■ **PROBLEM**: For the listing below, output exactly the lines from the line with "A hard working" up to and including the line with "a house with", and no other lines.

▬▬▬

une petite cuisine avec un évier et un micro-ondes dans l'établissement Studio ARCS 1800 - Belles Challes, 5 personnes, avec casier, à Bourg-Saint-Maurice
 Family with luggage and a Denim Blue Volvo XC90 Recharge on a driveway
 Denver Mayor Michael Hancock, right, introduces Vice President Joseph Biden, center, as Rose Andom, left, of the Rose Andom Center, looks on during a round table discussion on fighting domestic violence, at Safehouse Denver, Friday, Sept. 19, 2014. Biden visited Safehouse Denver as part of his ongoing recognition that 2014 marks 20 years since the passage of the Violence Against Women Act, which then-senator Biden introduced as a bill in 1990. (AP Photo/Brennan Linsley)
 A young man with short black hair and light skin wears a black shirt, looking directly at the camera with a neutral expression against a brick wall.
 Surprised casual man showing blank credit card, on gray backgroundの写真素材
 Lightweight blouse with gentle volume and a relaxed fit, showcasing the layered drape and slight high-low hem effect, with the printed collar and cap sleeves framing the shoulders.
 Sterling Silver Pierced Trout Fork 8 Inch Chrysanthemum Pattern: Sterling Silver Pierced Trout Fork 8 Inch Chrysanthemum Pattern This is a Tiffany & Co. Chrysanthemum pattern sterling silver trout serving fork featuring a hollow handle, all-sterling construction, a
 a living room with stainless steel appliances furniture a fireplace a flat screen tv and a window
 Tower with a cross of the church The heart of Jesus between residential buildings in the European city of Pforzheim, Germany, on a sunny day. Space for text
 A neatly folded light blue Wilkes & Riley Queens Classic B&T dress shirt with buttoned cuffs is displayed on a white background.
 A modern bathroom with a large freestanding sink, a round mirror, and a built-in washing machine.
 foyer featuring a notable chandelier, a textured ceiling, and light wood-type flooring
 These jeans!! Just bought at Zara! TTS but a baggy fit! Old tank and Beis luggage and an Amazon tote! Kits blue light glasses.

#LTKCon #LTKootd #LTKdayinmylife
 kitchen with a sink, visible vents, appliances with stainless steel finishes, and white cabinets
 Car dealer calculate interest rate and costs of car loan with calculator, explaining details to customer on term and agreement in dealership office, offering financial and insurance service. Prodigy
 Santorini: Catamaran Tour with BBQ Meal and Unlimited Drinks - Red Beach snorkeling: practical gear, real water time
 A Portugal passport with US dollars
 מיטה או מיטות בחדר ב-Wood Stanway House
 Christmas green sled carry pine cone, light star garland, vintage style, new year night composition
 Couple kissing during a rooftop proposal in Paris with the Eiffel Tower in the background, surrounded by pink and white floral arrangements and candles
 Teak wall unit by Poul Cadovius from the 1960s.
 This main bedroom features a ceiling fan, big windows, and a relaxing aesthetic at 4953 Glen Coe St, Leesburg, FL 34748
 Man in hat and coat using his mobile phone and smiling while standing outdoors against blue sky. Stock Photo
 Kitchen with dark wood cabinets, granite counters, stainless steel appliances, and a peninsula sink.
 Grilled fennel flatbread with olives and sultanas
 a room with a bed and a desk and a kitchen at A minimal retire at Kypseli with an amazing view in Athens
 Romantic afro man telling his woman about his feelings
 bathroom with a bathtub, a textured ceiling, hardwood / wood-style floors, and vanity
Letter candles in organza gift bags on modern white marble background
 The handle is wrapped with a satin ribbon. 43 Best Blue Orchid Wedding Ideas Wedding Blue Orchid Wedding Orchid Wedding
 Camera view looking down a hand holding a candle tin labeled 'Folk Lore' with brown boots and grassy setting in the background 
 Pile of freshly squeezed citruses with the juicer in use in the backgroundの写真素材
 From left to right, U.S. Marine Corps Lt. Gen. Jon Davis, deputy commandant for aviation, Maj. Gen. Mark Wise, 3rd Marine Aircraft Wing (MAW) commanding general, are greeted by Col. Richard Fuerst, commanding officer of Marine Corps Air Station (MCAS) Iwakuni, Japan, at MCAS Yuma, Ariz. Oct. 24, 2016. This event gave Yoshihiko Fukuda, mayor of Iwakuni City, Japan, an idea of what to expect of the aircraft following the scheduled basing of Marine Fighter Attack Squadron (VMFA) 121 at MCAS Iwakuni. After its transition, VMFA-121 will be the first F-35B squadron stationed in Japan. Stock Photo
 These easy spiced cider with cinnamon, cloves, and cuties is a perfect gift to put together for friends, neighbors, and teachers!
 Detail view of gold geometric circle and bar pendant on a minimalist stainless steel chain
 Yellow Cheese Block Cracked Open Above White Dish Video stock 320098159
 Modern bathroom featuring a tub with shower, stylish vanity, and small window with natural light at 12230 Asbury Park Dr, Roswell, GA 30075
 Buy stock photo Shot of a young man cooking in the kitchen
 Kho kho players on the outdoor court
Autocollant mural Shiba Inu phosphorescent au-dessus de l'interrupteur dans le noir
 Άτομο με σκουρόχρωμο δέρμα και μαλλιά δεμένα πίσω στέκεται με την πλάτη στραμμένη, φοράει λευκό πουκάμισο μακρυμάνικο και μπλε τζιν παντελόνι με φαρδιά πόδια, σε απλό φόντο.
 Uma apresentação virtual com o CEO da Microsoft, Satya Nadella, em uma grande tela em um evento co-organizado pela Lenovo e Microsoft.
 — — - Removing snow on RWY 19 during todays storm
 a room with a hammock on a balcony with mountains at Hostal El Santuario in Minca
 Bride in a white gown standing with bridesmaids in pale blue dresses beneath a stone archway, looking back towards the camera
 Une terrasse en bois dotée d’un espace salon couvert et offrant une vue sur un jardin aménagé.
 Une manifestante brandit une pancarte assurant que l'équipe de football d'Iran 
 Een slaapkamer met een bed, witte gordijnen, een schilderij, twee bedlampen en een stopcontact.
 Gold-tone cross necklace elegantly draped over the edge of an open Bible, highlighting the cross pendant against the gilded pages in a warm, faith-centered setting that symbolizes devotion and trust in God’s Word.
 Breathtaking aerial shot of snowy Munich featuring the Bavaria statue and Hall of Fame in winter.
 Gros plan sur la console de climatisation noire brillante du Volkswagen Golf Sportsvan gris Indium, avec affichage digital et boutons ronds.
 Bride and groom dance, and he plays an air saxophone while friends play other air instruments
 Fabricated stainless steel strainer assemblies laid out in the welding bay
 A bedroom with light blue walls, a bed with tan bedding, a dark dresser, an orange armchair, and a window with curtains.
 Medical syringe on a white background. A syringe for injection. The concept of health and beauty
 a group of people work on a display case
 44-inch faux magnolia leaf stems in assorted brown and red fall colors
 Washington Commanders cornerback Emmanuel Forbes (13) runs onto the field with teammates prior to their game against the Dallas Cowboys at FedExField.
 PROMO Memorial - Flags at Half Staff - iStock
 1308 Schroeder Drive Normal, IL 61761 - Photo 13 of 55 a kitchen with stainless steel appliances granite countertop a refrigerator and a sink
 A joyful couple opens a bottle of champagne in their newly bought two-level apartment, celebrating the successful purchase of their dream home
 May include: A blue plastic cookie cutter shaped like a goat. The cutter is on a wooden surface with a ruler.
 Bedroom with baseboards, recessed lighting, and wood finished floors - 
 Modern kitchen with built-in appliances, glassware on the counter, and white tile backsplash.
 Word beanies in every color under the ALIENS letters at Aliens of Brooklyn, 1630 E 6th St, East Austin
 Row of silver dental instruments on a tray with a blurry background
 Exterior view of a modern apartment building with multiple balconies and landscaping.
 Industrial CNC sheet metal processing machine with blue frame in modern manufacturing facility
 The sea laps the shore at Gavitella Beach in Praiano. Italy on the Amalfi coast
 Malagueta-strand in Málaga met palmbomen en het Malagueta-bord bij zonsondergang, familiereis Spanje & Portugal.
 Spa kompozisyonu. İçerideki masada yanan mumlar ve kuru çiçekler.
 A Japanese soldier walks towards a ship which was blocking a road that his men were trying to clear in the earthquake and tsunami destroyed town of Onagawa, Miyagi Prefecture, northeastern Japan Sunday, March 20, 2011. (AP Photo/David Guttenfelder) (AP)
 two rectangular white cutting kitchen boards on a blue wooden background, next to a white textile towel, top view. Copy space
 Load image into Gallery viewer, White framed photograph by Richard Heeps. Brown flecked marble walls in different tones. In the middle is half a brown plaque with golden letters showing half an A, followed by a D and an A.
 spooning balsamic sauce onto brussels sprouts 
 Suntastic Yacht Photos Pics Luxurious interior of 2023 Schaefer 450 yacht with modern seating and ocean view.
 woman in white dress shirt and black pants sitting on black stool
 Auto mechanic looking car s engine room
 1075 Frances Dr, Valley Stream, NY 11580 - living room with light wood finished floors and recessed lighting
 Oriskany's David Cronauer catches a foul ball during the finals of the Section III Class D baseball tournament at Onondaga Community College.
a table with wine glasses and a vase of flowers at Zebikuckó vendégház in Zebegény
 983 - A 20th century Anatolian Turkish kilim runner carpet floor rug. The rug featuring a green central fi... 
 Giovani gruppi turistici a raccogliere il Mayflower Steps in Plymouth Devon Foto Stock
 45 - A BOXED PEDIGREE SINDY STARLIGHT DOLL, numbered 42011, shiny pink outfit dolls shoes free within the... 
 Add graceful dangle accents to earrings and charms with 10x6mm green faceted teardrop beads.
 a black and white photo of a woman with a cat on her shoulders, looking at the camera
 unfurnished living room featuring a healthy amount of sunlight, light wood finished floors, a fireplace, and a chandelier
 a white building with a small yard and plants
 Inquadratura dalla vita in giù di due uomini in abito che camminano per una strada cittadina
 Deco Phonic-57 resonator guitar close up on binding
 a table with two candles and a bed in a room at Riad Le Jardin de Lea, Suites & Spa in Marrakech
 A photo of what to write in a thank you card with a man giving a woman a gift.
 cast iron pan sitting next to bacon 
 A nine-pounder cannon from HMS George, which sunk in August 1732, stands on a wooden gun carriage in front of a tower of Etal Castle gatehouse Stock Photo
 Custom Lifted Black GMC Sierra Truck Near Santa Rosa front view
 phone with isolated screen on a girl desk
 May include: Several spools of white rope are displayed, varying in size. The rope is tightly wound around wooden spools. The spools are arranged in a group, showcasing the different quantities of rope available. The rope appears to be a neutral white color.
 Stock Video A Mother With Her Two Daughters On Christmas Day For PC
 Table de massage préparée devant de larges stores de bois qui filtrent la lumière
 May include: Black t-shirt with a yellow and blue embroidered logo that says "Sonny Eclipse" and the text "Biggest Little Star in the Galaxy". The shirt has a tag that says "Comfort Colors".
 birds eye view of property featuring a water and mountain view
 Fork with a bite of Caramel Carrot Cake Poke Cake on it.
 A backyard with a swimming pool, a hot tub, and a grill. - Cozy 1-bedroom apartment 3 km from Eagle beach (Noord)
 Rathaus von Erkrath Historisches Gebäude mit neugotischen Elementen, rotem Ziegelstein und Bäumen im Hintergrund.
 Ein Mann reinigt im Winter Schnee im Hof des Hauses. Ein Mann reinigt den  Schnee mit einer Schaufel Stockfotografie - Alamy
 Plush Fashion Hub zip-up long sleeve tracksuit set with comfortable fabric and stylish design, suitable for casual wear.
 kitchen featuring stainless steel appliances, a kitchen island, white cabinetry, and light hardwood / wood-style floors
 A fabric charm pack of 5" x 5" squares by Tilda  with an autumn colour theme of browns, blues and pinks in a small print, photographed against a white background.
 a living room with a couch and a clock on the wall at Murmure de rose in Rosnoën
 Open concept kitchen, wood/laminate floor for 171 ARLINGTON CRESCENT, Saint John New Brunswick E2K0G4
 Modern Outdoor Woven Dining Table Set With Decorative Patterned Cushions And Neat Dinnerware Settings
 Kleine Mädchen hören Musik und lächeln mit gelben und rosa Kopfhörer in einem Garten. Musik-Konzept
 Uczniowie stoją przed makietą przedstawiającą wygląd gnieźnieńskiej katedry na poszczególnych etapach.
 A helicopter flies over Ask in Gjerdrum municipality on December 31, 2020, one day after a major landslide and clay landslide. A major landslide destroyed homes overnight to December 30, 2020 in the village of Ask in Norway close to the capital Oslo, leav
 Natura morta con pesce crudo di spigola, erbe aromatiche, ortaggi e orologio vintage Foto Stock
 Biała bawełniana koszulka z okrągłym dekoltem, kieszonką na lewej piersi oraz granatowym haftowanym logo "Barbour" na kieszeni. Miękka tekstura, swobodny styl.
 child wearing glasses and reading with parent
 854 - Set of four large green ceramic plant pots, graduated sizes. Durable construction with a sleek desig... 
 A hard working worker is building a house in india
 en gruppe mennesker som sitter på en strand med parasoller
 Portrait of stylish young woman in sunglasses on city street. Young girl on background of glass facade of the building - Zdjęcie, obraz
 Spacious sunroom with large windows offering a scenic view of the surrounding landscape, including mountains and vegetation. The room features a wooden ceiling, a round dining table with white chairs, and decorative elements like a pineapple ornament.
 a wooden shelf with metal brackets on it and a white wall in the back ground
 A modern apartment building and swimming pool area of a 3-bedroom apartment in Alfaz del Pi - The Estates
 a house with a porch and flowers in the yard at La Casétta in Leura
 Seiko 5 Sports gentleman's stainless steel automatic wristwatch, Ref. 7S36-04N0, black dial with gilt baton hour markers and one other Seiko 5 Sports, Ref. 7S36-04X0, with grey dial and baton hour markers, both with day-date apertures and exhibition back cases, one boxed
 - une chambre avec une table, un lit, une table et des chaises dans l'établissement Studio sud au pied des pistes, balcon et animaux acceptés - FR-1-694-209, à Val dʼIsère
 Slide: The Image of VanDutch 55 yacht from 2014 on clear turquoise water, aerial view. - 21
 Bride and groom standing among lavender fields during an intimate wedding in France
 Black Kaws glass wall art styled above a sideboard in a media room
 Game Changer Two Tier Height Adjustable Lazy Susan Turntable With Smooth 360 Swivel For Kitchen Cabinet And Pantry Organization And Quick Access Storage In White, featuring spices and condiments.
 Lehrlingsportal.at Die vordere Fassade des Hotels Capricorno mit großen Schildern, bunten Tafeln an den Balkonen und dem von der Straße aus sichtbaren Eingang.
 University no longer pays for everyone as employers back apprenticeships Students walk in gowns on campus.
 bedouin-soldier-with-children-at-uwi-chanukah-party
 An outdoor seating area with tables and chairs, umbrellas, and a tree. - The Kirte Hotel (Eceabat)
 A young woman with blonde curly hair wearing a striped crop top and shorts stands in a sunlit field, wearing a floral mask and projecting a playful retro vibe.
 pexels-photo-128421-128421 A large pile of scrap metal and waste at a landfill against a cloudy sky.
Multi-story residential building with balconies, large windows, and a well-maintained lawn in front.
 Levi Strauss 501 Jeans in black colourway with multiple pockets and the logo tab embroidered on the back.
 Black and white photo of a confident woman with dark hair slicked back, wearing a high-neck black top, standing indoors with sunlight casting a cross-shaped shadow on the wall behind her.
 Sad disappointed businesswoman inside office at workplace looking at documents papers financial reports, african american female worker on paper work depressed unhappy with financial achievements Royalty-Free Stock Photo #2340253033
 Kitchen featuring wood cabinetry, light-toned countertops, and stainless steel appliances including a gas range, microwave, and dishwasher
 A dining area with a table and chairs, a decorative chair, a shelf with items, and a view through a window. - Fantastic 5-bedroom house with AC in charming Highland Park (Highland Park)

▬▬▬

■ **WRITTEN REPLY**:
 A hard working worker is building a house in india
 en gruppe mennesker som sitter på en strand med parasoller
 Portrait of stylish young woman in sunglasses on city street. Young girl on background of glass facade of the building - Zdjęcie, obraz
 Spacious sunroom with large windows offering a scenic view of the surrounding landscape, including mountains and vegetation. The room features a wooden ceiling, a round dining table with white chairs, and decorative elements like a pineapple ornament.
 a wooden shelf with metal brackets on it and a white wall in the back ground
 A modern apartment building and swimming pool area of a 3-bedroom apartment in Alfaz del Pi - The Estates
 a house with a porch and flowers in the yard at La Casétta in Leura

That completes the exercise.